El vapor le hizo presuponer que el agua estaba en un punto óptimo, y puso en pausa a las insustanciales cavilaciones. Capturó entre sus manos la tetera para colocar las hebras de té en ella. Sintió la porcelana tibia, y no solo eso, pesada. La destapó y la acercó junto a las llamas. El olfato le ganó a la vista, el aroma a té y miel se coló por su nariz.

El corazón se le aceleró al descubrir que no estaba sola. Cayó en cuentas de que el fuego se movía en una dirección particular, y conseguía ese movimiento gracias a la brisa que ingresaba por una de las ventanas. La sombra de un cuerpo se dibujó sobre el suelo cortando la respiración de Nora. Dio un paso atrás y las llamas se sumaron al juego del descubrimiento. Lo que pudo ser un cuerpo diminuto, desde la posición en que se encontraba, aparentó ser gigantesco, poco familiar, irreconocible.

Un ahogado grito, nacido en lo profundo de sus entrañas, resonó en el ambiente como si el espanto fuese el que la gobernara en ese momento. La tetera se resbaló de sus manos y se hizo trizas contra el piso.

—¡Suficiente, señorita Jolley!

Reconoció a la voz de Charles en ese extremo oscuro de la habitación. Se llevó las manos a la boca, presa de la culpa por su torpeza y su comportamiento de niña asustada.

El rostro de Charles, y lo que parecía ser una extensa cicatriz en su lado izquierdo, se realzó ante los ojos de Nora gracias al color naranja rojizo del fuego que lo iluminó.

—¡Regrese a su habitación! —Le ordenó levantándose como si una tempestad impulsara a su cuerpo.

—Pero... —No iba a marcharse, no quería alejarse de él. Utilizó otro argumento—, la tetera, he hecho un desastre. —Se lanzó de rodillas al piso para juntar los pedazos.

La mano de Charles hizo presión en su brazo, y la sensación fue más que extraña. Una mirada de reojo fugaz expuso la verdad en la debilidad de esa mano que la sostenía: le faltaban dos dedos.

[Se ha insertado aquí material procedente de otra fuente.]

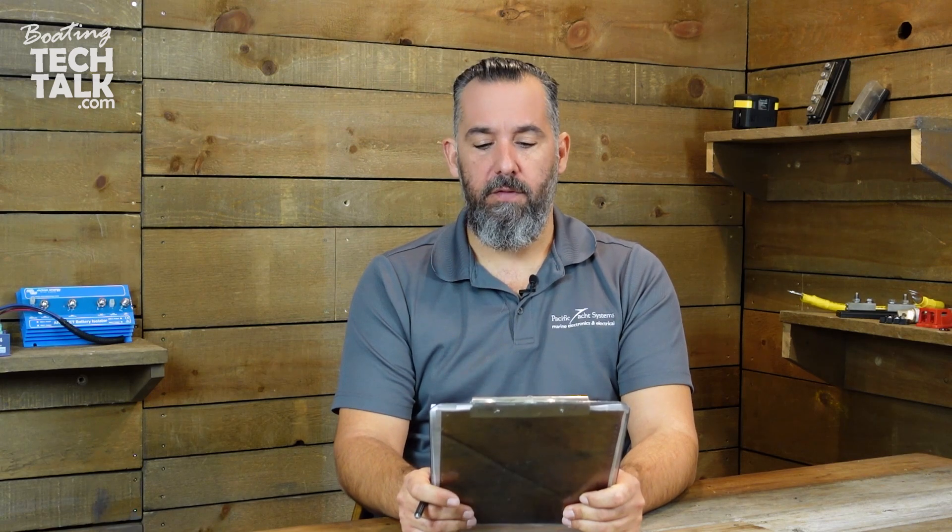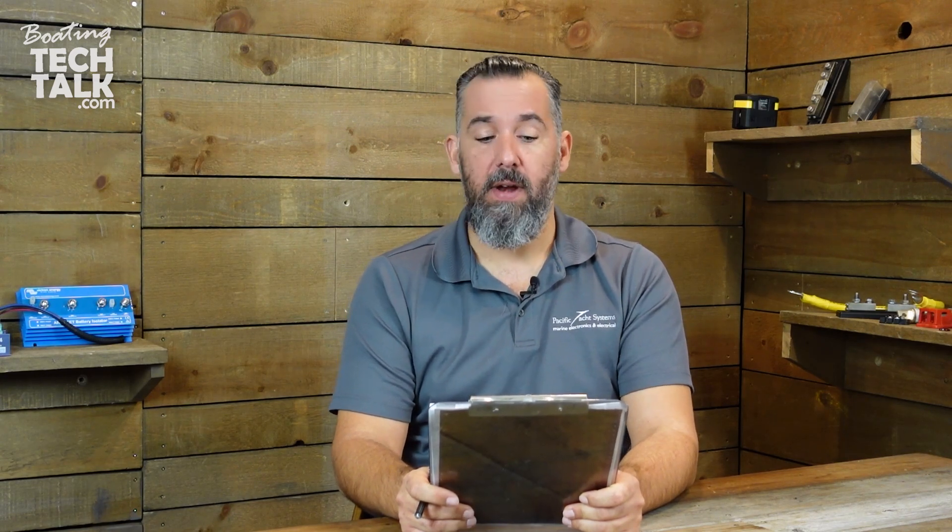Hi, YouTubers. Jeff Cote here. We've got a question from Stormer. Stormer is asking: Jeff, what are the pros and cons of using, let's say, 10 100-amp-hour battery banks versus 5 200-amp-hour battery banks for a house bank?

—Oh, no... —balbuceó dejándose guiar por el instinto que le decía que era tiempo de romper la barrera que los separaba. Quiso acariciar esa mano desvalida, ir en busca de su mirada por primera vez.

Él se lo impidió. La empujó para obtener el espacio que le permitiera alejarse de ella. El cuerpo de Nora lo privaba de la huida.

—¡Vuelvo a repetir, señorita Jolley, regrese a su maldita habitación!

Las pesadas piernas de Charles se elevaron por sobre su torso encorvado para darse espacio a la fuga. Nora se incorporó de repente sin recordar que tenía los pies descalzos y que el piso estaba cubierto de trozos de porcelana. Utilizó las manos para recobrar la verticalidad consiguiendo que el primer fragmento se incrustara en su palma derecha. La planta de su pie izquierdo sufrió una herida similar. El dolor físico no fue un impedimento para reaccionar.

—¡Charles! —Perdió el control del tono de su voz y de las formas— ¡Charles!

Fue un grito desesperado, demandante, que se escabulliría en la noche y desaparecería al igual que él.